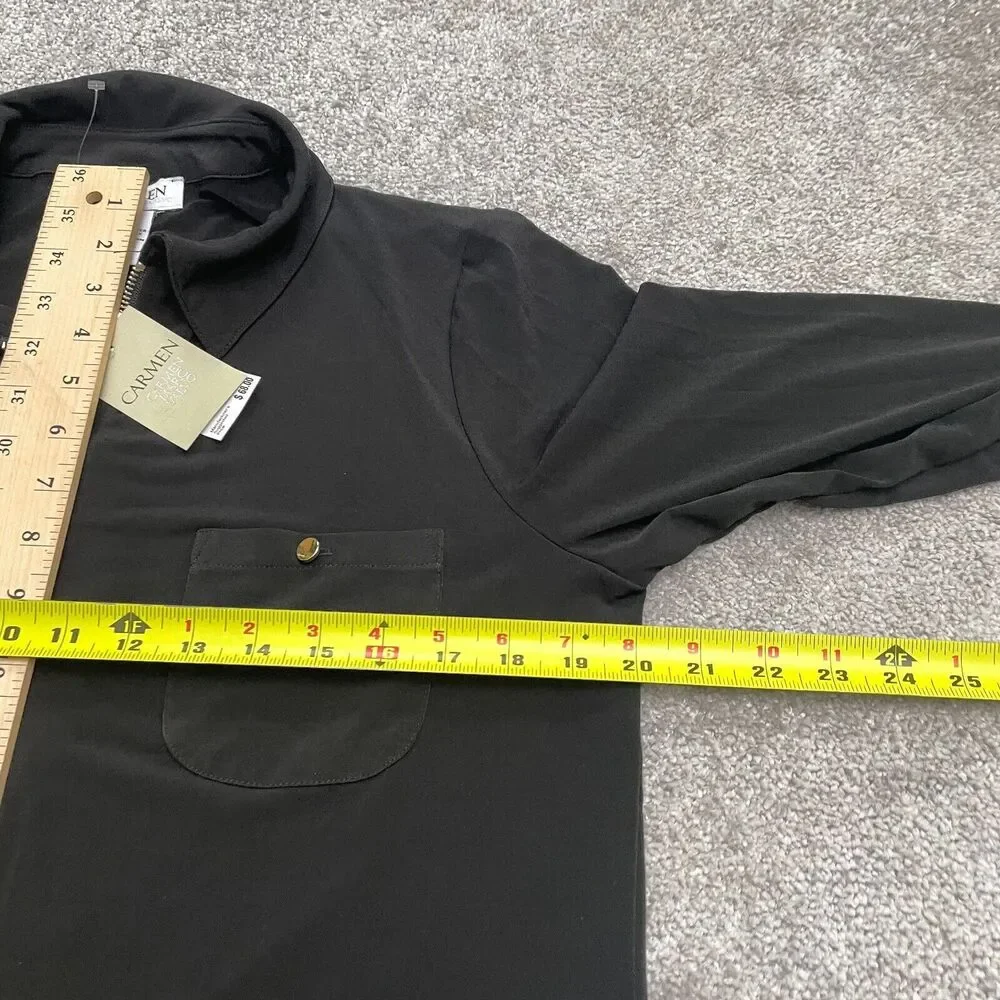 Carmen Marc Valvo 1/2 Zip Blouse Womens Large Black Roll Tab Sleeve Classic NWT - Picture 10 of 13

-- -- --

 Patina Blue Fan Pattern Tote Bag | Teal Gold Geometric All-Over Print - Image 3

-- -- --

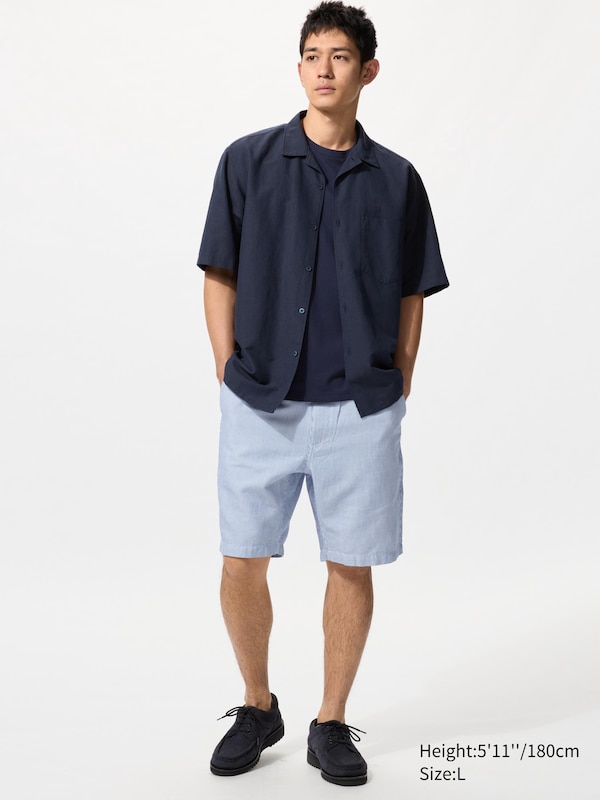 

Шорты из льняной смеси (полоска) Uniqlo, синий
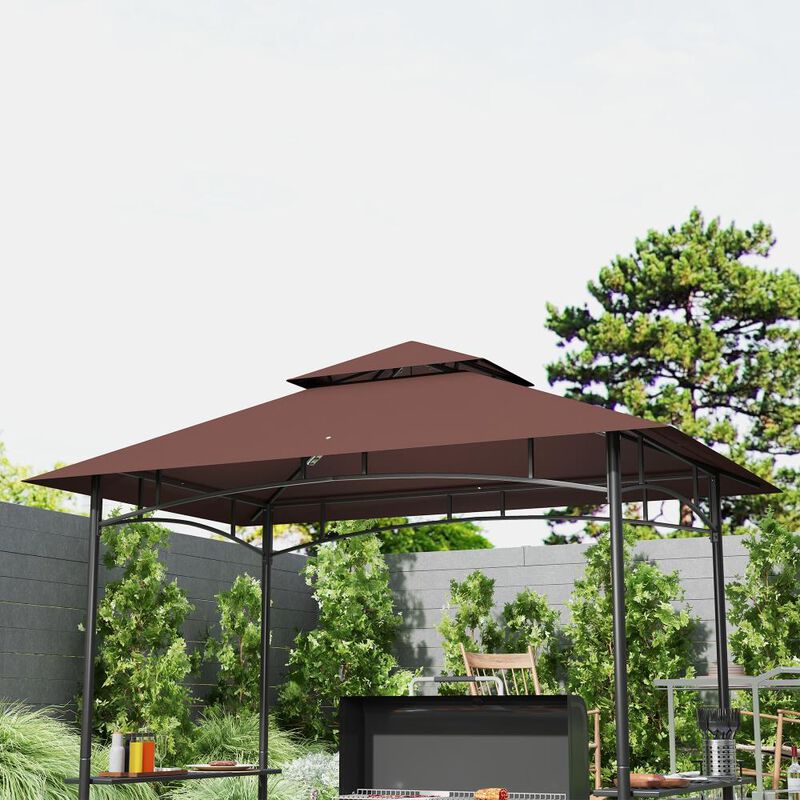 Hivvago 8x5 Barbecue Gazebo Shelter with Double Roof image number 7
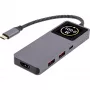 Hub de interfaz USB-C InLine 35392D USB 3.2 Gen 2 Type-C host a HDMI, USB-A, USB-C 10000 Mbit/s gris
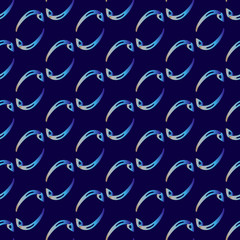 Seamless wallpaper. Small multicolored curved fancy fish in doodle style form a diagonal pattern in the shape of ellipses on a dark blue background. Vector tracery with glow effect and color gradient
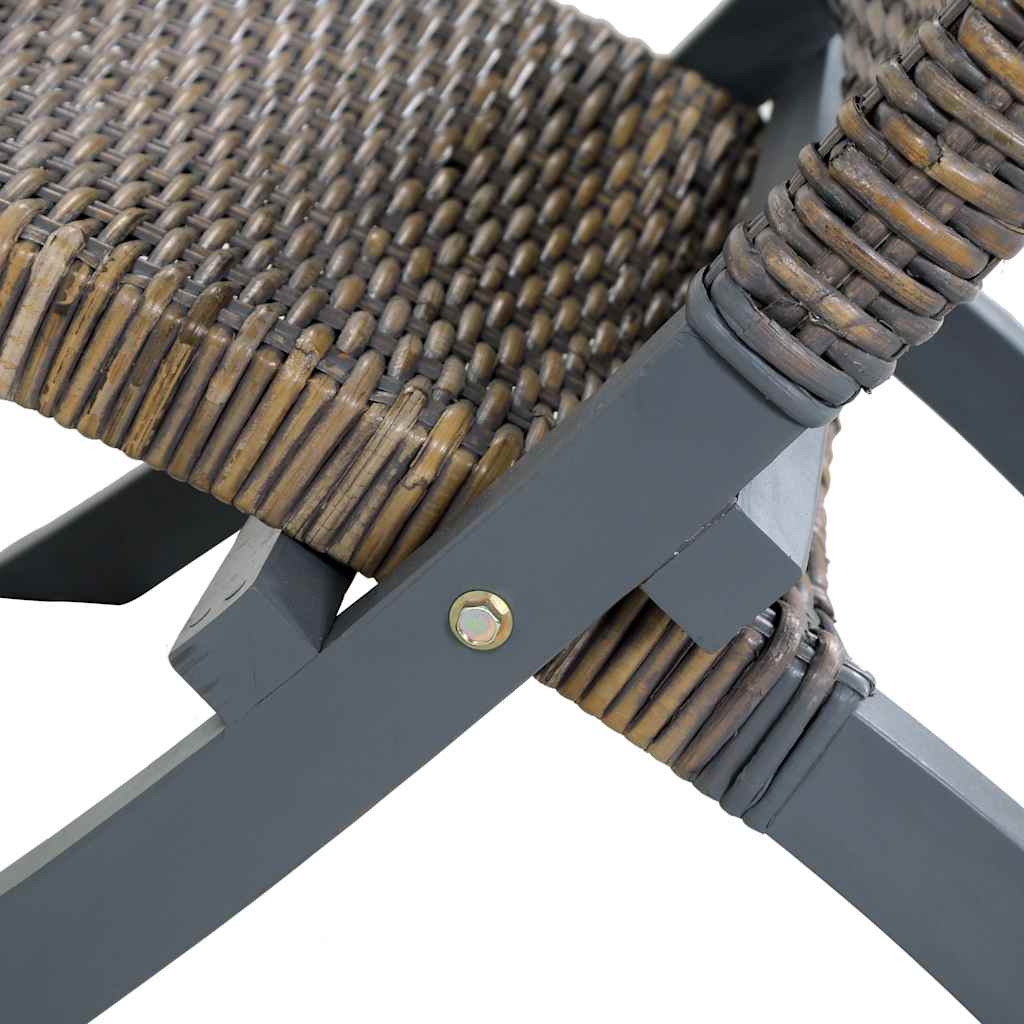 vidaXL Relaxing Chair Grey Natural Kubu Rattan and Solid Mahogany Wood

-- -- --

→ **What the exercise asks**: Both the line above containing "Hivvago 8x5 Barbecue" and the line containing "Hub de interfaz" belong in the copy, along with every line between them; print these exactly and omit the pictures.

→ **Written reply**:
 Hivvago 8x5 Barbecue Gazebo Shelter with Double Roof image number 7
 Hub de interfaz USB-C InLine 35392D USB 3.2 Gen 2 Type-C host a HDMI, USB-A, USB-C 10000 Mbit/s gris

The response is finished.